Rock slope failure is sparse or absent along the W–E-trending main valleys of pre- or early-glacial origin, such as Loch Katrine/ Venachar and Balquhidder, a pattern found throughout the Southern Highlands
The extant mountain-shaping effects of the Benvane rock slope failure are modest, but the scale of incipient encroachment is so great as to render the whole south ridge vulnerable to reduction and eventual 'divide elimination' (Linton, 1967).
Conclusions
The Benvane rock slope failure complex is an outstanding example of quasi in-situ slope deformation, with one of the finest and most extensive lattice antiscarp arrays in Britain. It displays lateral progression to a deep but degraded, long-travelled but coherent translational slide. The interface between these two zones is made conspicuous by rock slope failure features of much fresher character.

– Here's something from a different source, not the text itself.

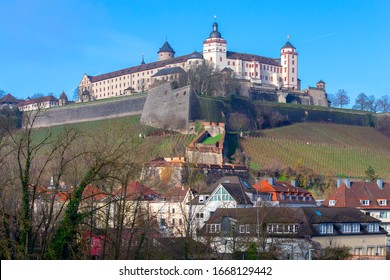 Old Fort Marienburg Over The City On A Sunny Morning. Wurzburg Bavaria Germany.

Deformation encroaches into the broad summit ridge scale, and demonstrates the past and potential contribution of failure to large-scale erosion. Benvane also affords instructive comparison with the Glen Ample failure cluster as a platy deformation on steeper valley slopes, as compared to more gently sloping upland. It provides an excellent basis for research into the mechanisms, triggers, and underlying causes of rock slope failure in mountain areas of relatively lower relief.